Given that at Facebook we use our own in-house scheduler, I see why people would want to see their scheduler impls added right in Spark codebase as a first class citizen. Like @srowen said, this should not be part of Spark codebase. There would be many schedulers that would be developed in future and if we keep adding those to Spark, it will be lot of maintenance burden. Mesos and YARN have their place in the codebase given that they were there in early days of the project and are widely used in deployments (not saying that this is good or bad). This PR is making things worse for future by taking the easier route of adding yet another if ..else or switch case for a new scheduler impl. One can blame that this should have been cleanly right in the start for mesos / YARN but to give benefit of doubt to original authors, they didn't expect new schedulers to come up in future.

I would recommend to add interfaces in Spark code to abstract out things so that plugging in new schedulers would be as simple as adding a jar to the classpath. As a matter of fact, we are currently able to use Spark with our own scheduler by extending the existing interfaces. The only patching we have to do is 3-4 lines which is not super pain during upgrades. Seems like you need more than the current interfaces.

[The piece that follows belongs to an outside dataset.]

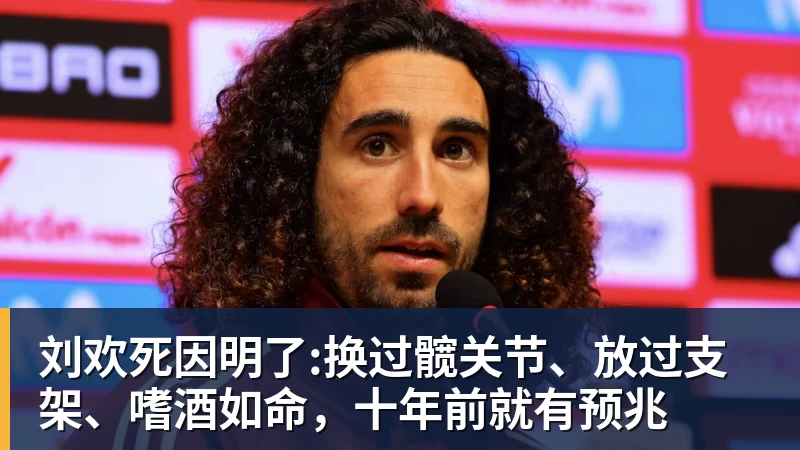 龙赛罗:我要是维尼修斯,看到迪奥曼德现在的表现,我可能慌了 - 壹号娱乐官网 - 最精彩的游戏娱乐平台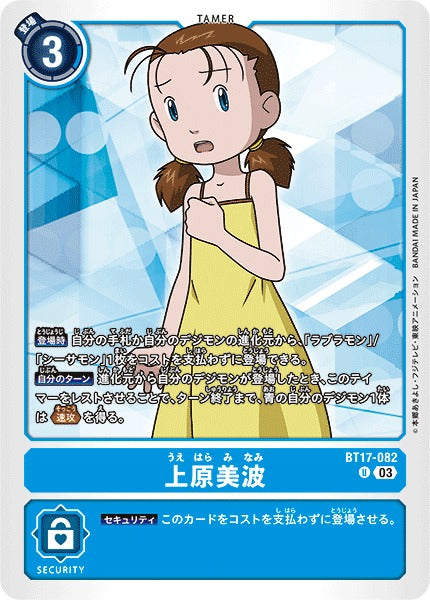 Minami Uehara BT17-082 U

Having said this, I do appreciate the efforts put in this PR.

manojlds · 2017-06-21T18:21:33Z

@rxin is there any timeline / plan around Kubernetes? Where can I follow that activity? Thanks!

ash211 · 2017-06-22T07:49:05Z

@manojlds I'm a part of the Spark-on-k8s team that's currently building k8s integration for Spark outside of the Apache Spark repo. You can follow our work at https://github.com/apache-spark-on-k8s/spark

Here's the current outstanding diff on top of apache/branch-2.1: apache-spark-on-k8s#200 , produced from about 6months of work in a varied group from approaching a dozen companies at this point. We aim to eventually bring this into the Apache repo in some form, though the timeline for that is not yet fixed.

You can follow from the original design and discussion for the kubernetes efforts at https://issues.apache.org/jira/browse/SPARK-18278

One of the major pieces of feedback we received back in November was that, if possible, the kubernetes integration should be done as a plugin to the Apache Spark repo. Unfortunately that plugin point does not yet exist in Spark. So we filed https://issues.apache.org/jira/browse/SPARK-19700 to begin the process of creating that API but have not yet devoted effort to building that plugin point. Once active development on the k8s integration begin to slow down and near completion (starting to see signs of this slowing this month) we'll probably shift focus to the plugin point as a means of gaining even wider use of the k8s integration. On what a plugin point could possibly look like, we produced a thought experiment at palantir#81 which you may find interesting.

As of now, it remains unclear whether the k8s code will be brought in as a first-class citizen alongside Mesos and YARN, or whether Spark will gain a plugin point and the k8s integration.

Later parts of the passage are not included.